Okta Concept Mapping — Continuous Authentication and Output Verification

Okta's continuous access evaluation (CAEP) model treats authentication not as a one-time gate but as an ongoing signal — trust is re-evaluated as context changes. Model output verification works similarly: you don't trust the output once at generation and move on, you build verification into the workflow at the points where the output informs a decision. Where the analogy breaks: CAEP has defined signals (token revocation, session anomaly) that trigger re-evaluation. Model output verification doesn't have equivalent signals — you can't tell from the output alone whether it's grounded. In a buyer conversation, this is useful for explaining why output verification isn't optional overhead — it's the functional equivalent of the session check that CAEP performs.
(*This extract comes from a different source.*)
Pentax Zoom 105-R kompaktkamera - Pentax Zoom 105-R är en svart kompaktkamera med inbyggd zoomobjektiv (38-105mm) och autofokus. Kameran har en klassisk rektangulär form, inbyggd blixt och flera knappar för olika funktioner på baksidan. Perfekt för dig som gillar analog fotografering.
The One Thing to Hold Onto

The terminology debate is real and it's not resolved. You don't need to resolve it in the room. What you need is the underlying concept, stated simply enough to use under pressure:

The model doesn't have a truth-telling mode that occasionally fails. Plausibility generation is the only mode, and it runs continuously. On most prompts, plausible and correct overlap. On some prompts, they don't. The model cannot tell which situation it's in, and neither can you, without verification.

"Hallucination" is one word for that. "Confabulation" is another. The buyer's word is fine. Your job is to make sure the conversation that follows is about grounding, verification, and constraint design — not about whether the technology is trustworthy in the abstract. It's not trustworthy in the abstract. Nothing is. The question is always what you've built around it.

The Context Window covers AI concepts for public sector identity and access management practitioners. Accuracy rates and benchmark figures cited in field scenarios are illustrative; production sourcing would verify against current model documentation.